Input data —
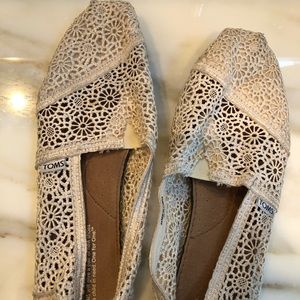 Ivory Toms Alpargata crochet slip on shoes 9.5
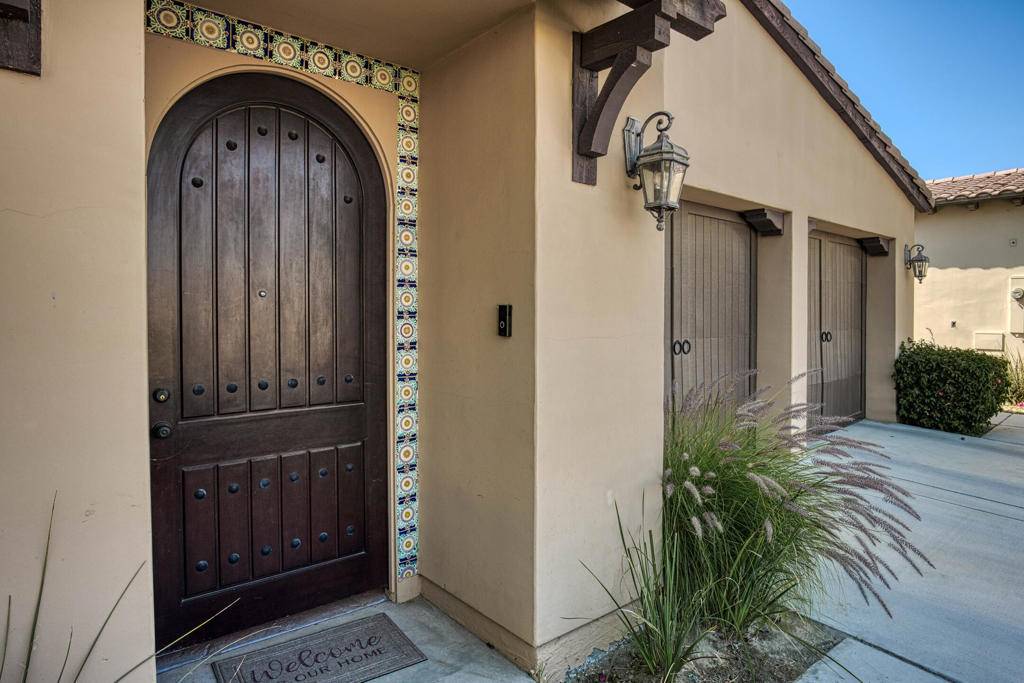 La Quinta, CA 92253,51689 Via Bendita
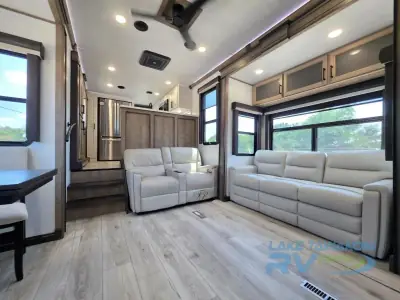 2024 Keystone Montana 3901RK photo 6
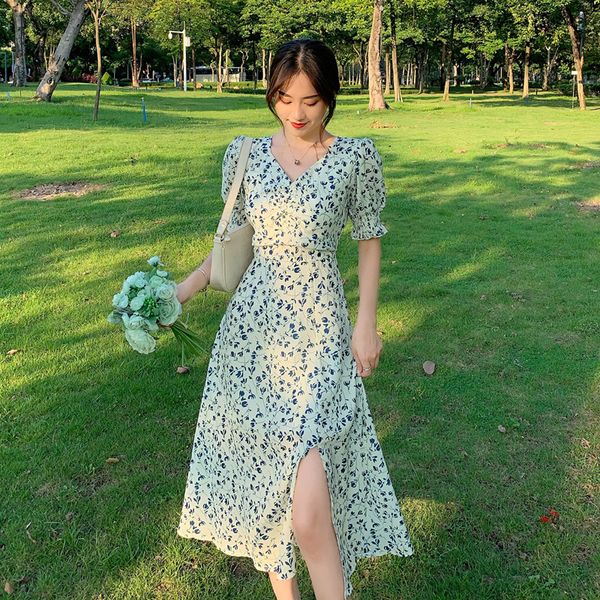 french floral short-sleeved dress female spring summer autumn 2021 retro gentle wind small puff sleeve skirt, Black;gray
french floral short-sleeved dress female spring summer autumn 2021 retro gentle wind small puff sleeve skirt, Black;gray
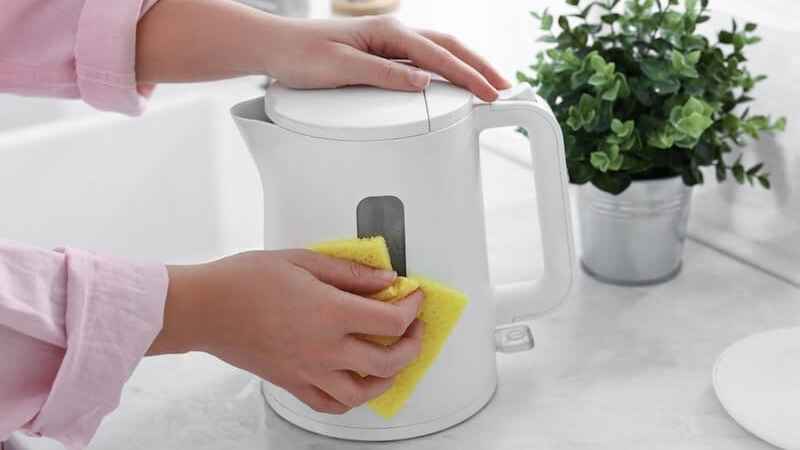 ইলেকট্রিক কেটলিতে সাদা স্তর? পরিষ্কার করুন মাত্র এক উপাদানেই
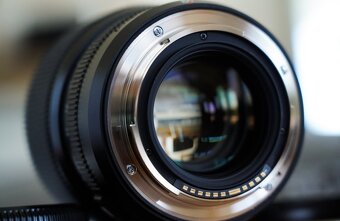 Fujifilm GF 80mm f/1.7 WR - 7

What is expected —
Retype the records above exactly, starting at the line that contains "ইলেকট্রিক কেটলিতে সাদা" and going through the last line, and leave out any pictures.

Your response —
 ইলেকট্রিক কেটলিতে সাদা স্তর? পরিষ্কার করুন মাত্র এক উপাদানেই
 Fujifilm GF 80mm f/1.7 WR - 7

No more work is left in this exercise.